2.       Nursing is very relaxing
You would think I would have learned this with my daughter, but back then I was a newbie and I was too concerned with doing everything “right” to stop and just simply enjoy having my baby next to me, doing all sorts of cute things while feeding.
3.       It is okay if your kid starts crying
I used to be terrified of running errands with my daughter when she was a newborn in case she started crying in public and then everyone would think I am a bad mother. Now, I am not saying it is okay to allow your kids to have a complete melt down while you are at the grocery store, but a little sniffling, whining and general complaining in public can be okay. Your children are not little angels regardless of what you keep telling yourself. Mine are not little angels either. If I plan on ever getting anything done, I need to come to terms with this fact.
4.       I am still me
Just because I have a baby and a seventeen months old does not mean I am now relegated to be chained to my children with no time for myself in sight. Of course time to myself is now far shorter and more sporadic, but it exists, and I savor it when I get it. Spending twenty four hours a day with my children for the past six weeks helped me realize that the couple of hours I got to myself on Saturdays was indeed a time to indulge but spend wisely. I would think of all the things I wanted to do, and then come up with the one thing I REALLY wanted to do. It was almost like finding myself all over again.
5.       Getting dressed up is optional
I cannot count the times my daughter and I had pajama days in the past few weeks. Before having children I could not fathom even getting the mail without first donning a cute outfit. Then after having my daughter I relaxed a bit, but still required quite some maintenance to even make it to the grocery store. Then the second came around. A splash of make-up and clean clothes is all I require now. Flip flops will suffice.
What are some of your maternity stories?

Crying It Out At Bedtime

It is one in the morning. My daughter is in bed. She is not asleep. She is screaming her little head off, and we are letting her. My husband and I tried everything. She does not want to sleep. She wants to come out and hang out with us. We want to go to sleep. My husband has work in the morning, and I have a two week old who will be waking up in a matter of minutes for his nightly feedings. Our daughter needs to go back to sleep.
We are letting her cry it out. We have never done it to this extent. We have let her cry for a few minutes in the past, testing to see if maybe she will calm herself down, but usually we give in and go back in her room. Not this time. There is no consoling her, not after this many hours. We have no choice.
I am sitting up in bed nursing my son, listening to my daughter’s shrieks and screams coming from the other room, and it is hard. I feel inadequate, and hearing her saddens me. I know it is for her own good in the long run, but what is a mother to do?
She has been acting up at bedtime ever since her baby brother arrived a few weeks ago, and it is getting worse and worse every night. She needs to learn that bedtime is bedtime. She cannot continue to get away with prolonging it to all hours. Thankfully after about fifteen minutes the crying subsides. She finally falls asleep. But is she asleep? Or is she just lying there quietly because she feels abandoned? I know better than to go into her room as that would ensure another round of screaming. I hope she is asleep.
Did you ever have to let your child cry it out? What did you do?
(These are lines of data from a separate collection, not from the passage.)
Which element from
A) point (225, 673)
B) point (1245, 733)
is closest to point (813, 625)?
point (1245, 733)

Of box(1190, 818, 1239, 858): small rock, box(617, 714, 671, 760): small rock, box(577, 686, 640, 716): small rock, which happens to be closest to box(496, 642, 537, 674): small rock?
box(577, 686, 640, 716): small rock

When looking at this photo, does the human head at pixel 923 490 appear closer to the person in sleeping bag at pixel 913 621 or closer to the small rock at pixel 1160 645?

Can I Discipline My Neighbor’s Children?

9 p.m. is not that late. I know this. But I also know that when you are trying to get small children to sleep, and you will be up at around 5:30 the next morning to get these children ready and then go to work, 9 p.m. might as well be midnight.
Children play, run around, scream, shriek, etc. I know this. But I don’t know why our neighbors allow their small children to do this in their back yard at 9 p.m. on a regular basis. These children are screaming at the top of their lungs as if they were playing poolside on a Saturday afternoon. It is Tuesday night on a small cul-de-sac where we are not the only people who have to be at work the next day (I am currently on maternity leave, so I don’t technically qualify as one of these people, but maternity leave is not forever, and our new neighbors are wearing out their welcome, along with my nerves).
My husband has gone over and spoken with them about it, but that was a temporary solution. They are not violating any noise ordinance laws, just the laws of common decency. Is it okay to continuously go over there to ask them to monitor their children’s noise levels? And why aren’t these small children in bed by now?

What would you do?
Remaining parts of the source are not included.